__PROBLEM STATEMENT__
The part below that opens with the line containing "Elskåp på tegelvägg" and closes with the line containing "1267 Via Lucero" should be copied exactly, minus any pictures.

__DATA EXCERPTS__
◇ ◇ ◇ ◇
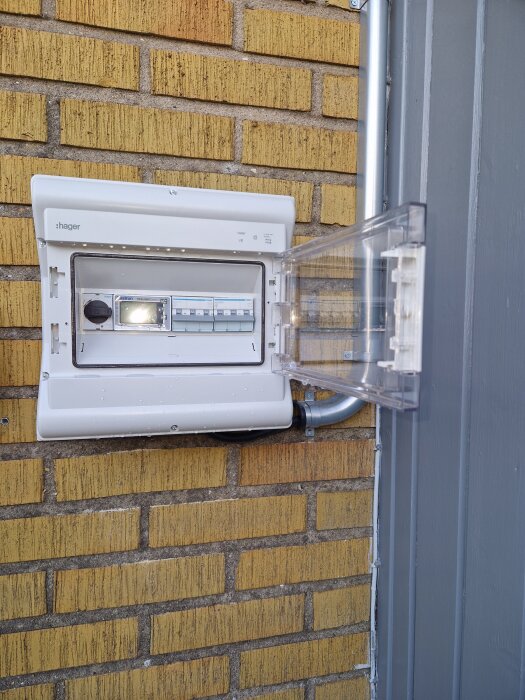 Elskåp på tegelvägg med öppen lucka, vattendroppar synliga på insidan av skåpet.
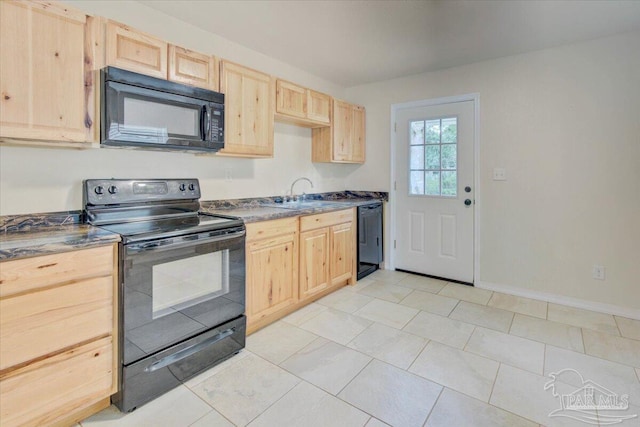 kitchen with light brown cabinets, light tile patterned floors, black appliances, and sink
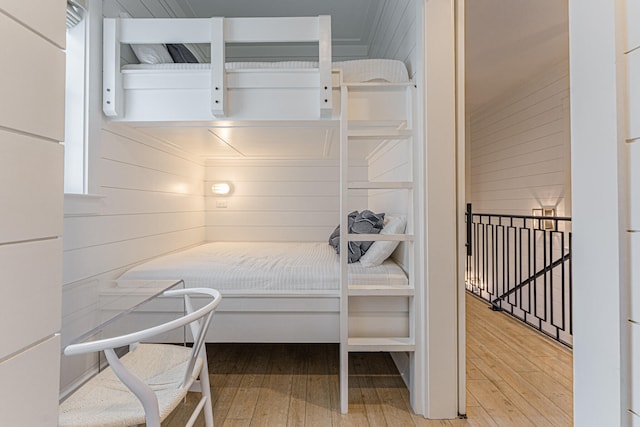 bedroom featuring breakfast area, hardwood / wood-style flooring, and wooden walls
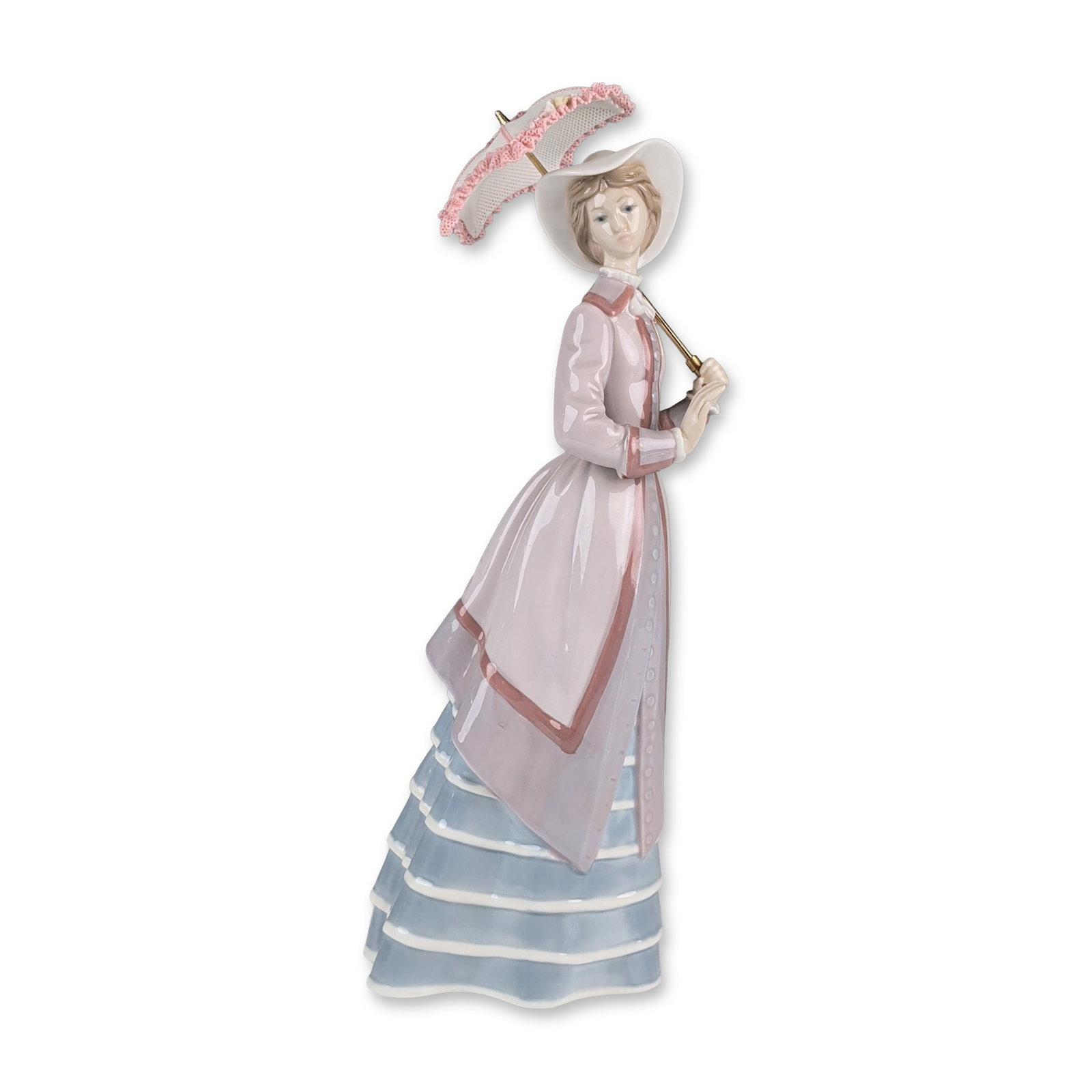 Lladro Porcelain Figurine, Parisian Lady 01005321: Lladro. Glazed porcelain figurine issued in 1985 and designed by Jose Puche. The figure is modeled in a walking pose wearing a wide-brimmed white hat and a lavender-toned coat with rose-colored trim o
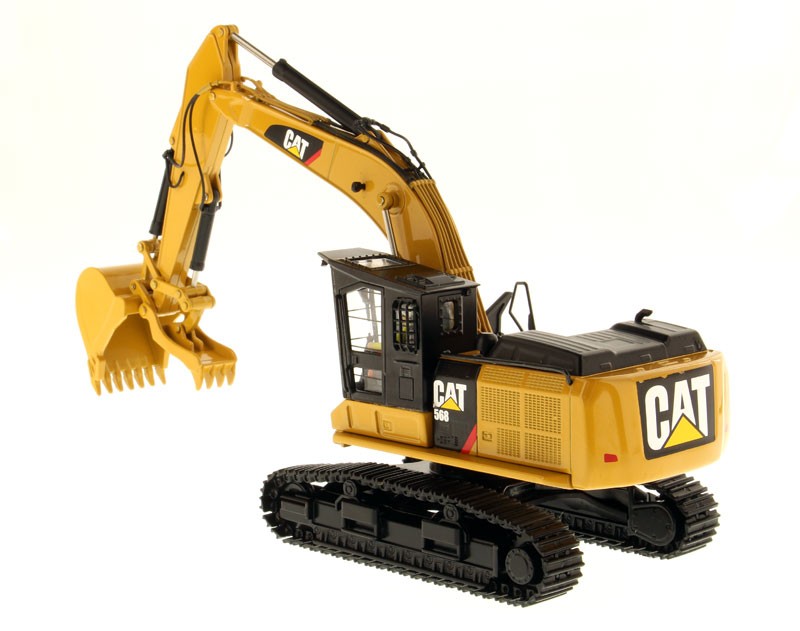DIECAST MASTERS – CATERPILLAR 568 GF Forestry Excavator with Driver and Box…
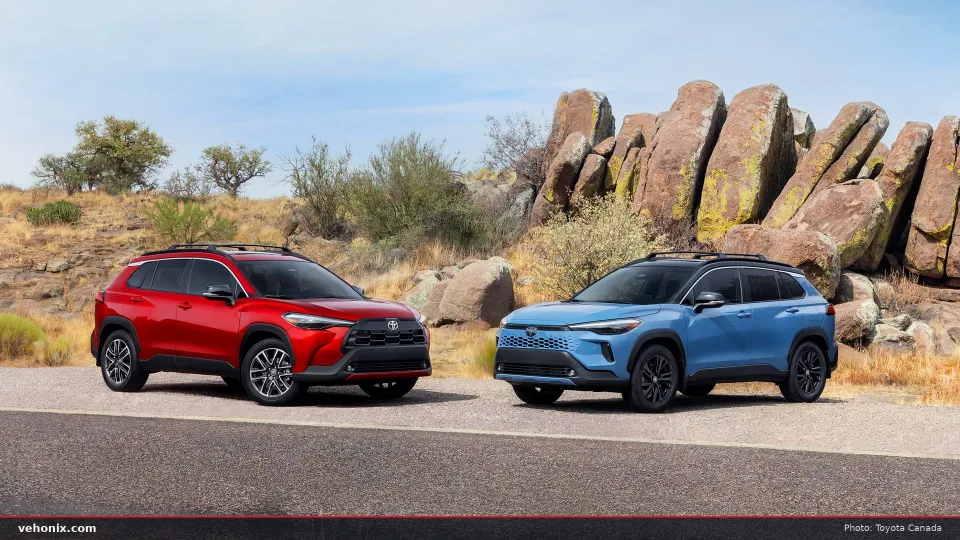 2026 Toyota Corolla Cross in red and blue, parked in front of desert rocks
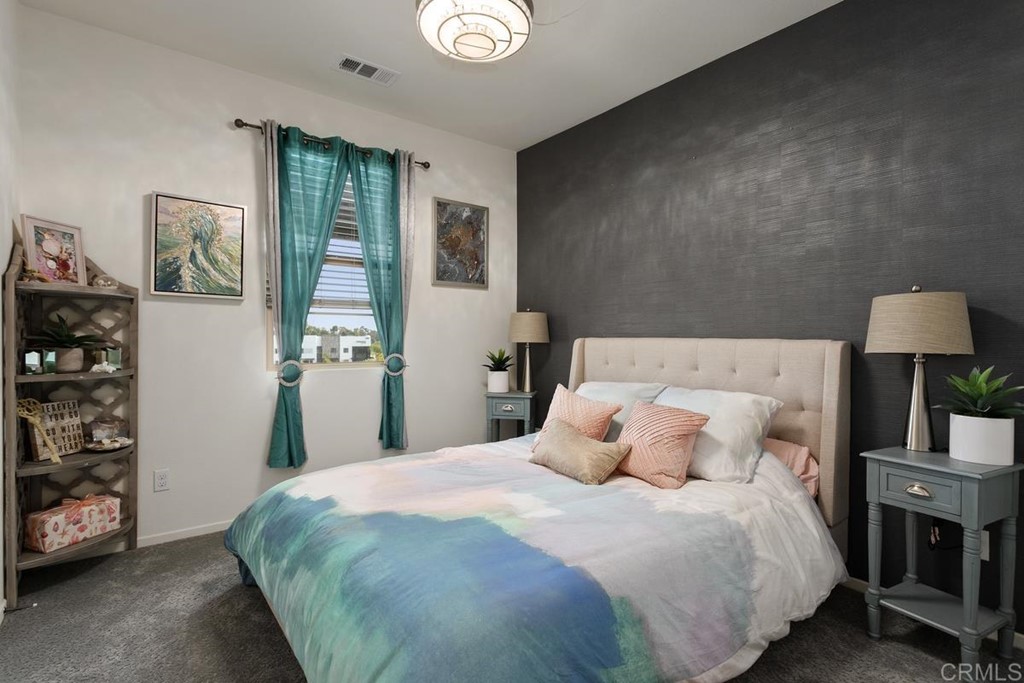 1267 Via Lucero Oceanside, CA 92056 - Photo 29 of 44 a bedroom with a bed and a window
◇ ◇ ◇ ◇
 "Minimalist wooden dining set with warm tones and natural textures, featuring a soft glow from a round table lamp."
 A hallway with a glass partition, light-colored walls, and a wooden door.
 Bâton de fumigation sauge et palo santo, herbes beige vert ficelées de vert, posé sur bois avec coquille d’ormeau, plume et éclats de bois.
◇ ◇ ◇ ◇
__RESULT OF THIS TASK__
 Elskåp på tegelvägg med öppen lucka, vattendroppar synliga på insidan av skåpet.
 kitchen with light brown cabinets, light tile patterned floors, black appliances, and sink
 bedroom featuring breakfast area, hardwood / wood-style flooring, and wooden walls
 Lladro Porcelain Figurine, Parisian Lady 01005321: Lladro. Glazed porcelain figurine issued in 1985 and designed by Jose Puche. The figure is modeled in a walking pose wearing a wide-brimmed white hat and a lavender-toned coat with rose-colored trim o
DIECAST MASTERS – CATERPILLAR 568 GF Forestry Excavator with Driver and Box…
 2026 Toyota Corolla Cross in red and blue, parked in front of desert rocks
 1267 Via Lucero Oceanside, CA 92056 - Photo 29 of 44 a bedroom with a bed and a window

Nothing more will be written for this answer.